The latest Intergovernmental Panel on Climate Change (IPCC) report describes the actions that people need to take to maintain a safe and stable global climate, including carbon capture and storage (CCS) efforts to keep global temperatures from rising more than 2 °C. But trees remain the only CCS “technology” that can deliver on a meaningful scale. Jonah Busch of the Center for Global Development dissects the latest IPCC report and offers his own meta-analysis. “Not many models project that it’s possible to limit warming to +2 °C without CCS technology, but those that do require not only stopping deforestation altogether, but reversing it to create a massive terrestrial carbon sink of regrowing forest vegetation by 2030,” he wrote.

Putting the trees out to pasture

A recent study from the University of California, Berkley finds that if Brazil subsidized more productive use of pastureland and taxed less sustainable practices, deforestation rates in the country could be cut by half (or 25% of all global GHG emissions). Recommended practices include rotating where animals graze, planting better grasses more frequently, and amending the soil to unlock more nutrients. These practices result in doubling productivity for a given land area, potentially reducing pressure to clear more forest for pasture. “These practices are already used commercially on some ranches in Brazil, but they’re not yet cost-competitive because of higher upfront costs, so subsidies can provide a needed boost to make the investment worthwhile,” said study lead author Avery Cohn.

HUMAN DIMENSION

What not to wear

Major clothing brands H&M, Zara and Stella McCartney recently announced that, within three years, they will find alternatives to the viscose and rayon fabrics that may be sourced from endangered or ancient forests. Straw and recycled fabrics are possible substitutes for fabrics made from dissolvable pulp. H&M’s environmental sustainability manager, Henrik Lampa, said that prior to working with non-profit Canopy on the issue, company officials hadn’t been aware that their viscose and rayon might be driving deforestation. “The sustainability issue is a big learning curve for fashion companies. Consumers are expecting us to make good choices for them – and yet we can only make good decisions with good awareness of what is going into our products,” he said.

No more (forest) tears

From mouthwash to baby powder to Band-Aids, you probably have your medicine cabinet well-stocked with Johnson & Johnson (J&J) products – and, by association, palm oil. As of May 1, the personal care products company has committed to a new, comprehensive palm oil sourcing policy that includes no conversion of high conservation value areas, high carbon stock forests or peatlands, as well as social criteria such as respecting the land rights of indigenous peoples. Implementing the sourcing policy will not be straightforward, since most of the palm oil J&J buys is in a derivative form that doesn’t come directly from the plantation. But NGO The Forest Trust says that J&J is eager to take on the challenge

Not fit for man or beast?

Between 1990 and 2010, Zimbabwe lost nearly 30% of its forest cover – an alarming average of 327,000 hectares were felled per year.
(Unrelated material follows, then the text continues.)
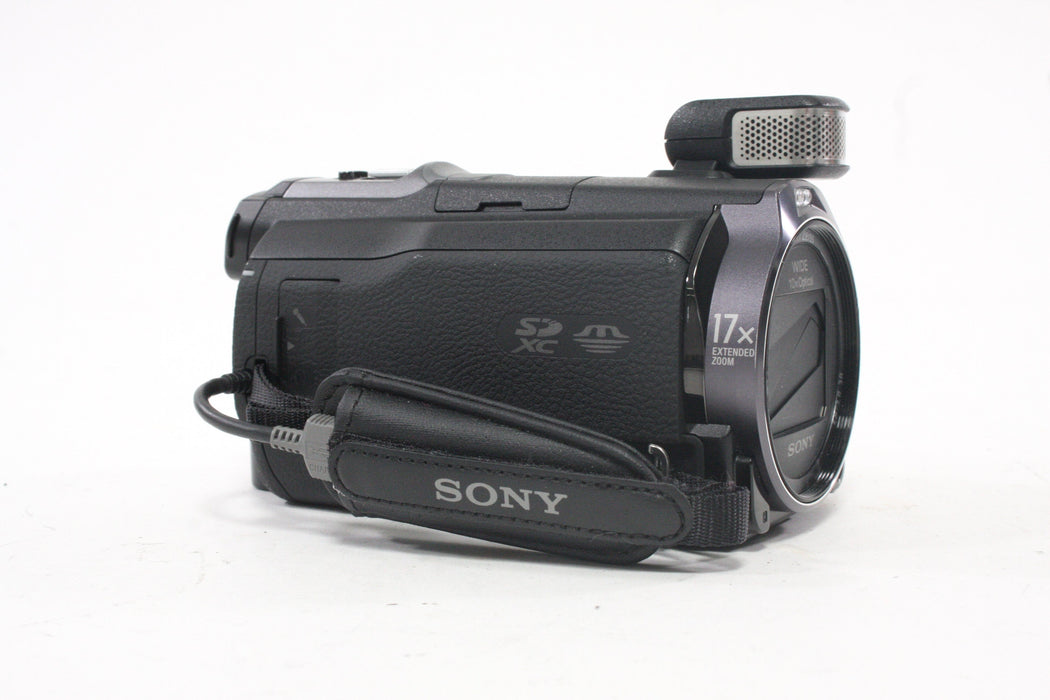Sony Handycam HDR-PJ790 Camcorder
This destruction of habitat is at least in part to blame in the apparent spike in human-wildlife interaction in recent years. “If the lions are not eating our livestock, they are trying to eat us,” Zimbabwean villager Donotio Nyoni told Reuters. Organizations such as Carbon Green Africa are trying to change the financial incentives around forest conversion by developing REDD+ projects, but forests have stiff competition against the lucrative tobacco and timber industries and smallholders’ need for fuelwood. Lions, cheetahs, hyenas and buffalos may continue to be displaced.

STANDARDS AND METHODOLOGY

All risks being equal

Since the launch of California’s cap-and-trade program, buyers of forest carbon offsets have dodged a bullet faced by purchasers of other types of compliance offsets: the invalidation risk that could force them to replace problematic offsets. But the risk is one that all California offset buyers will soon have to bear as regulators approved a change shifting the invalidation risk for forestry offsets away from forest owners to the buyers. The change – designed to ensure consistency – was approved by the California Air Resources Board as part of a package of amendments that will become effective on July 1.

The Sixth Sense

A new tool developed by Terra Global Capital could allow project developers to use remote sensing instead of traditional ground-based forest inventory plots to estimate forest carbon pools. The remote sensing biomass measurement tool could help mitigate the challenges in estimating Aboveground Live Forest Biomass through a combination of remote sensing data and field measurements. This tool is designed to be used with VCS methodologies in the Agriculture, Forestry, and Other Land Use arena. The methodology is open for public comment until May 24.

Technically speaking

The UNFCCC Secretariat has published a technical paper on land use, land-use change and forestry (LULUCF) under the Clean Development Mechanism (CDM). The paper explores options for more possible LULUCF activities and alternative approaches to address the risk of non-permanence under the CDM, as well as their implications for validation, monitoring and verification of projects under the CDM.

PUBLICATIONS

Perception is nothing

The ‘gender debate’ in forest communities has seesawed from pre-1970s perceptions that men were the main contributors to family income to the post-1970s view that overemphasized women’s role in collecting forest products. An analysis of forest and rural livelihoods covering 8,000 households in 24 developing countries twists the assumptions again, finding that men and women contribute almost equally to the household income from unprocessed forest products. However, the study also shows considerable regional variability. In Latin America, men bring in about seven times more income from forest projects such as Brazil nuts than women. In Africa, “women tend to dominate,” said Terry Sunderland, a principal scientist with CIFOR.

Some pain, little gain

A review of REDD+ pilot projects in Nepal found that community forest user groups received little overall gain from these projects. There were some noticeable benefits, including better control over forest fires, but local groups had to make sacrifices to maximize the carbon offsets developed under the projects, such as cutting back the amount of wood they would normally use. “REDD+ is not a poverty reduction strategy; it is for reduction of emissions,” said Bhaskar Singh Karky, resource economist at the International Centre for Integrated Mountain Development. “But given our context, the drivers of deforestation and forest degradation stem from livelihoods needs. We have to enhance the livelihoods of forest dependent populations to prevent it.”

JOBS

Forest Carbon Program Research Assistant – Ecosystem Marketplace

Based in Washington, DC, the Forest Carbon Program Research Assistant will help in the development of a research product focusing on public-private partnerships for financing REDD+ projects, and support the development of the State of the Forest Carbon Markets report. The ideal candidate will have excellent writing and research skills (journalism skills a plus); strong Spanish-language speaking and writing skills; and the ability to work well in a team environment, but also with minimal management. This is a three-month position, paid hourly.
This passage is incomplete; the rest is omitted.